Preventive Healthcare for the Joints
At Stone Clinic we’re often asked, “What can I do to preserve my knees?” The answer: don’t get hurt. Knees can go forever, providing their cartilage and ligaments stay intact. “But how do I not get hurt?”
Knees and ankles take one to three million steps per year, supporting up to five times our body weight. The bearing surface, called articular cartilage, has a remarkable ability to absorb force and provide nearly frictionless lubrication up to five times as slick as ice on ice. Unless it is injured or attacked by an inflammatory disease, articular cartilage can last forever—no matter how much running or other reasonable forces are applied. Once injured, however, its repair capacity is hampered by a low storehouse of reparative cells.
If the meniscus in the knee joint is injured, or a portion removed, the forces are concentrated on a smaller area of the articular cartilage. That’s when wear, down to the bone, occurs. If the ligaments of the knee are damaged, the joint motions are abnormal. As happens with a car out of alignment, the surfaces wear rapidly.
So our first answer—don’t get injured—is correct. And if your knee is injured? Repair, regenerate, and replace the damaged structures immediately, with the goal of restoring normal anatomy.
To avoid getting injured in the first place, the key is to choose wisely. Most often we make the choices that lead to injury. Here are a few ways to avoid the costly ones.
First, keep your head in the game. Most errors we see are mental errors. The athlete was out of control, got distracted, or landed poorly from a jump. They lunged when they shouldn’t have, stuck their leg out to block an opponent when a different move would have been smarter…the list goes on. Here, the point: Focus in sports is not just on your opponent. It’s on you. Your ability to maintain body awareness and make great choices determines whether or not you end up in my office.
Second, optimize your health. This means everything from mental health to fitness, including your diet and body weight. If you don’t want to get injured, don’t start out injured. Self-inflicted injury used to be thought of as smoking cigarettes and drinking too much alcohol. It is now clear that every meal, every choice, every decision about whether to train or not, determines how healthy we are. It appears that dietary choices heavily biased toward plant-based diets may make the largest difference in total body inflammation and disease development. And while supplements such as glucosamine appear to help joint lubrication and cartilage health, not many others have been shown to be at all helpful. An addiction to the testosterone, pheromones, adrenaline, and endorphins produced during daily exercise is the best possible addiction to have. It’s also important to enjoy yourself. It can be fun to make a game out of optimizing your health. But it’s a painful chore if you see it as a chore. Healthy people get injured less often.
Third, partner up. Playing and training with a partner dramatically increases the efficacy and efficiency of your fitness program. “The family that plays together, stays together” was a rule we heard growing up. It remains a great guideline today.
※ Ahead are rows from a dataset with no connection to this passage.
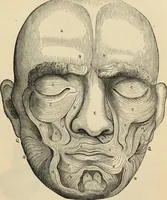 Picture 109 of 697 from New Physiognomy : or signs of character, as manifested through temperament and external forms, and especially in the "the human face divine." (1889), leaf 152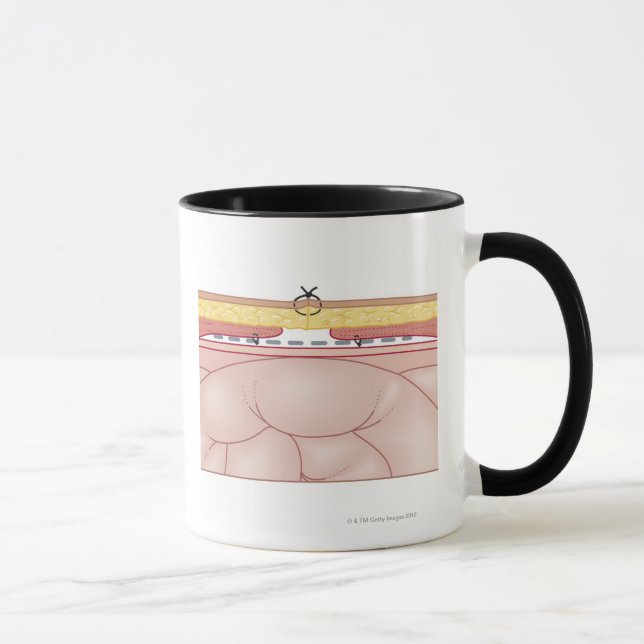 Tasse Illustration d'une hernie (Droite)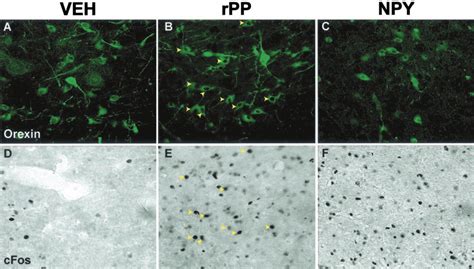 Orexin Neurons And C Fos Expression After Intra Lha Injections Of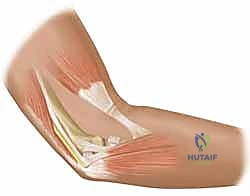 مواقع الاختناق العصبية حول المرفق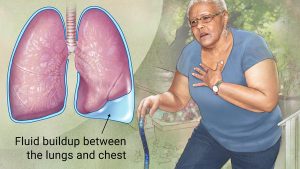PLEURA AND LUNGS DISEASES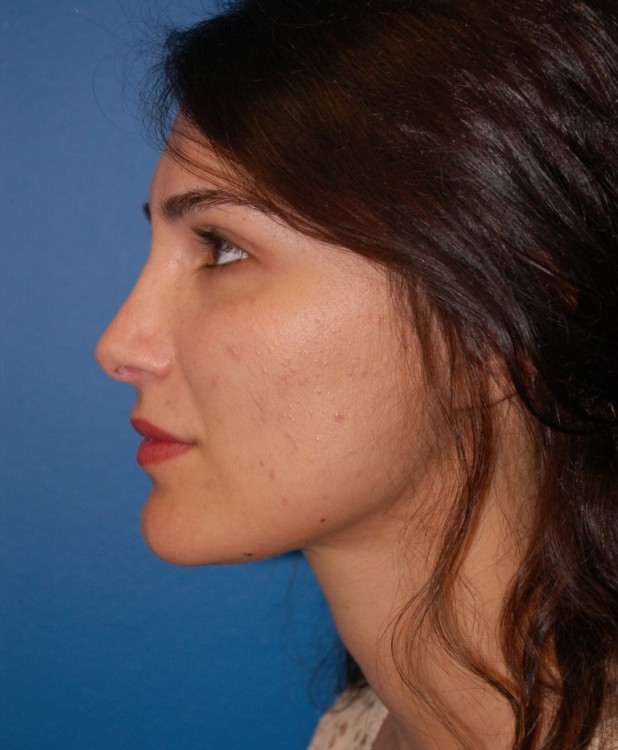 After thumbnail for Case 18 Rhinoplasty Revision Before and After Photos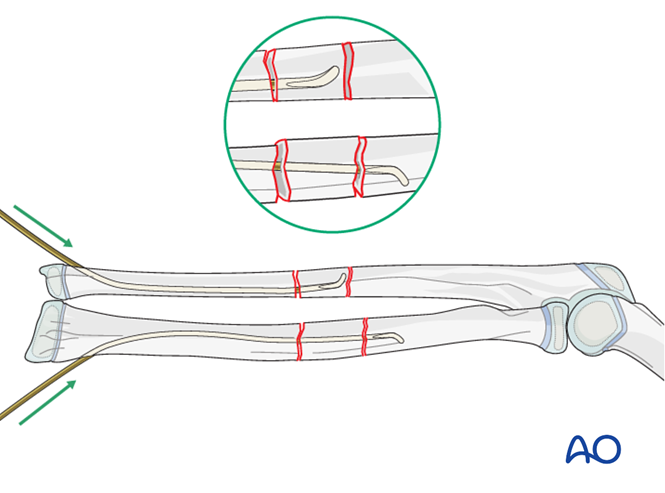 ESIN for Both bones, combination of radial and ulnar fracture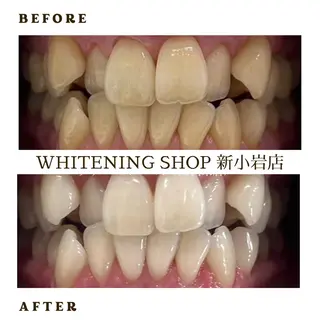 メンズ ホワイトニング ショップ新小岩店のその他イメージ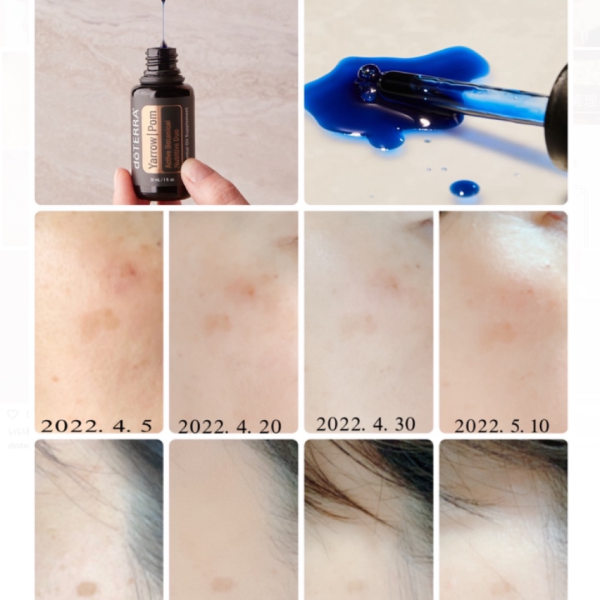 芳香療法】「シミに」ヤローポム経過報告 - 暮らしとアロマ〜お薬以外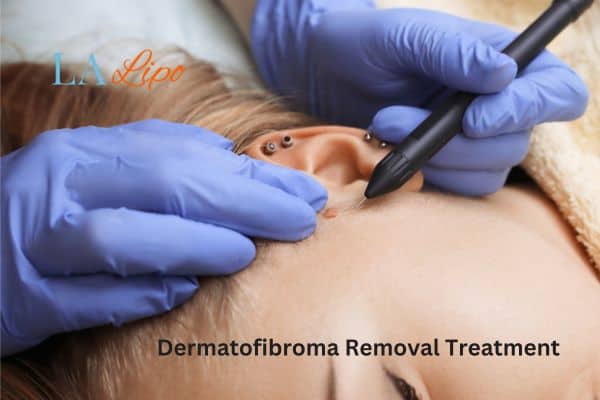 Dermatofibroma Removal Treatment Harlow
Fourth, recognize injuries—minor and major ones—early, and treat them aggressively. We are developing the entire field of anabolic therapies for joint and tissue injuries where we inject bioactive factors that boost stem cell recruitment to the site of injury. We don’t know yet whether or not this will truly accelerate healing or prevent arthritis, but the data is encouraging so far.
Fifth, sleep more. We often cut our sleep short. Then we work and play with fatigue, and wonder why we get hurt. The volume of data suggesting that a minimum of seven to eight hours of sleep per night dramatically affects our testosterone levels, our fitness, our decision making, and our memory storage, is overwhelming. Those last two hours of deep REM sleep—when we imbed the lessons we learned through the day—are the key hours. Without them, we repeat our mistakes and leave ourselves open to avoidable errors of judgment and action.
So, how do you not get hurt? Be smart. Live smart. Your knees, and everything connected to them, will thank you for it.